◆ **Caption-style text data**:
-.-.-

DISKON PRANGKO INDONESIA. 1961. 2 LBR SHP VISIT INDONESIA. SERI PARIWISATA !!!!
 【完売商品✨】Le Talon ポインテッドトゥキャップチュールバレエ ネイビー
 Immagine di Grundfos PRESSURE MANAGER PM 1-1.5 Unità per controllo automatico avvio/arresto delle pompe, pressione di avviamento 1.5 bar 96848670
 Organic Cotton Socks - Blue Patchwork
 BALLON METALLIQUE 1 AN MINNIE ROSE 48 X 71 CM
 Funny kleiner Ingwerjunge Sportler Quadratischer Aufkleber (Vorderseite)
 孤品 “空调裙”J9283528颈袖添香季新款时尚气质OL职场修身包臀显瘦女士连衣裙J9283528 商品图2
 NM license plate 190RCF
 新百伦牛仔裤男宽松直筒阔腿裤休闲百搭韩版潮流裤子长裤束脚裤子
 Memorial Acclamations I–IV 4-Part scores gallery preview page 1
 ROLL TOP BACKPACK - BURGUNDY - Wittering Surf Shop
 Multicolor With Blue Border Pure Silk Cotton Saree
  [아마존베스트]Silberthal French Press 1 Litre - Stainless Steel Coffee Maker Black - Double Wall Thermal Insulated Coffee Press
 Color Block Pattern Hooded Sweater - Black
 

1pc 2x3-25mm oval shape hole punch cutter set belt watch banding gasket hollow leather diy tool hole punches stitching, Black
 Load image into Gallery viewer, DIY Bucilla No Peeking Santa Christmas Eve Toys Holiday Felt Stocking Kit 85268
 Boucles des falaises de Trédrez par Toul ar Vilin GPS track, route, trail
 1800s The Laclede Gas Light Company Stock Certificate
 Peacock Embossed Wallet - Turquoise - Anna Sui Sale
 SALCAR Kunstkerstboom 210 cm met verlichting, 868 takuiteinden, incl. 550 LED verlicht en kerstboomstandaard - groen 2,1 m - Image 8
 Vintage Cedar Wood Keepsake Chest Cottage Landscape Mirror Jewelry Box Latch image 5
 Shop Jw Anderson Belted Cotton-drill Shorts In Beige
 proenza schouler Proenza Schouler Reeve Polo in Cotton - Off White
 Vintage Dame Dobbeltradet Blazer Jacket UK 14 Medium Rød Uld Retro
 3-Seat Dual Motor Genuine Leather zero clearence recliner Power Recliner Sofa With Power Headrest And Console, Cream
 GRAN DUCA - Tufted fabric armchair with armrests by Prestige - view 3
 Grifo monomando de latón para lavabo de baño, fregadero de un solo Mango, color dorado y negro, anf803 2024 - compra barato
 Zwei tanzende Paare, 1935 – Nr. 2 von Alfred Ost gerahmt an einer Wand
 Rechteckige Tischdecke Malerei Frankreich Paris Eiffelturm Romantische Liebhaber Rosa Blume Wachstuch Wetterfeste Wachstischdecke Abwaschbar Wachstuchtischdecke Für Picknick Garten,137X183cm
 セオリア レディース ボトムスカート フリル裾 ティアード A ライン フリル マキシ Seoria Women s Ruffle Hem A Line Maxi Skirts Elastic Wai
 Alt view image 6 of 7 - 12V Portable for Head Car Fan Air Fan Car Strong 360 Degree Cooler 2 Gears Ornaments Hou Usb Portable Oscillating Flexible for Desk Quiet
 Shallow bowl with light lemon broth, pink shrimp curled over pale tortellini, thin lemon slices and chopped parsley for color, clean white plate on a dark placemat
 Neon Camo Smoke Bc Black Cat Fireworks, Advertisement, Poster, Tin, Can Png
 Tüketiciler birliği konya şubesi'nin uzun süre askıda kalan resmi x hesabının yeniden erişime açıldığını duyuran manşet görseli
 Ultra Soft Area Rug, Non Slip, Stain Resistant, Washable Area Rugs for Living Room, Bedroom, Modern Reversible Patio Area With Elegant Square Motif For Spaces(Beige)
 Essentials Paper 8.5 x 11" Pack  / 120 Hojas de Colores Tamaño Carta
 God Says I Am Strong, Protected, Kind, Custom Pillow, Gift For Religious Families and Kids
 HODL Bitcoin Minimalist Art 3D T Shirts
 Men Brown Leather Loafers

-.-.-

◆ **Instructions to follow**: All lines above with the word "Beige" need to be reported.

◆ **Answer area**:
 Shop Jw Anderson Belted Cotton-drill Shorts In Beige
 Ultra Soft Area Rug, Non Slip, Stain Resistant, Washable Area Rugs for Living Room, Bedroom, Modern Reversible Patio Area With Elegant Square Motif For Spaces(Beige)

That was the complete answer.